PDF Version: P123 Strategy Design Topic 3B – Designing a Sales-based Valuation strategy
As a tool for assessing stock valuation, Sales has always been solid, but it got a very bad rap from having been abused back in the late 1990s to support bullish theses on stocks that were badly overvalued on the basis of earnings (assuming they even had earnings). The key to using Sales-based valuation successfully requires one to recognize that although it is analogous to PE, it is not a substitute for PE. It provides different information and relates, on its own terms, the DDM starting point. It can be used whether or not PE or any other valuation metric is used. Each stands or falls on its own terms.

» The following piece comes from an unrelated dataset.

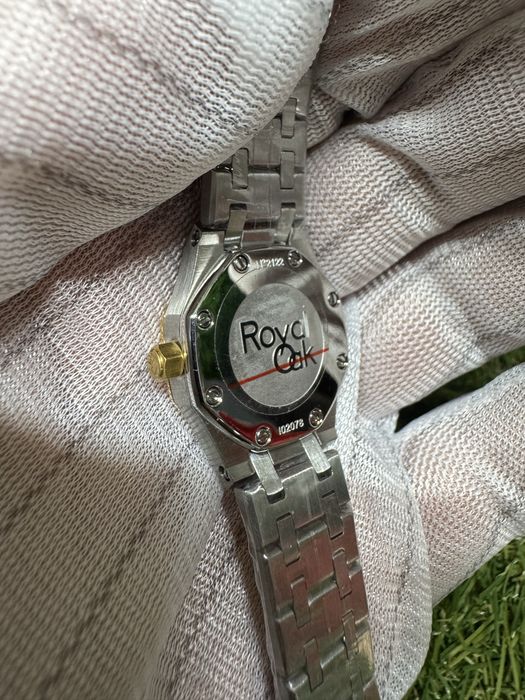 Дамски Часовник Audemars Piguet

The Logical Foundation of PS
Our starting point, as usual, is the Dividend Discount Model (DDM):
P = D / (k-g)
D is dividend, k is required rate of return, and g is expected growth rate.

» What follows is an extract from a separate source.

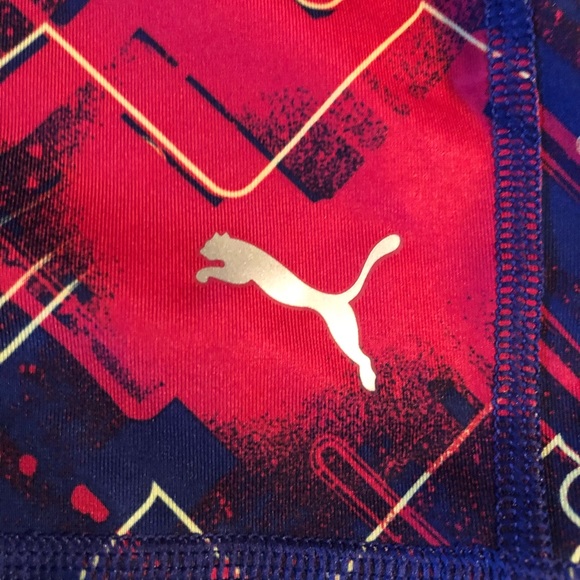 Puma Training shorts - Picture 2 of 5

As usual, given the real-life impracticality of this formulation, we’ll use other approaches to nudge us in the direction of stocks for which DDM valuation is more likely than not to be reasonable.
- We saw in Topic 3A that we can substitute E * PR for D (E is earnings and PR is payout ratio).
- We also saw that as a practical investment-community culture thing, we can ignore PR and just use E (we noted the tendency of investors to treat even retained earnings as if it were in their hands and voluntarily returned to the corporation to be used for reinvestment).
That got us here:
P/E = 1 / (k-g)
Moving on, we know this:
E = S * PM where S is sales and PM is profit margin
Therefore, the following holds true:
P = (S * PM) / (k – g)
Continuing with some algebraic shuffling:
P / (S * PM) = 1 / (k – g)
P / S = PM / (k – g)
Voila. That’s the formula for a correct PS ratio. As with our formulas for DDM and PE, we can’t literally use it. But also as with the formula in PE (see Topic 3A), it pinpoints some important principles we can use in strategy design.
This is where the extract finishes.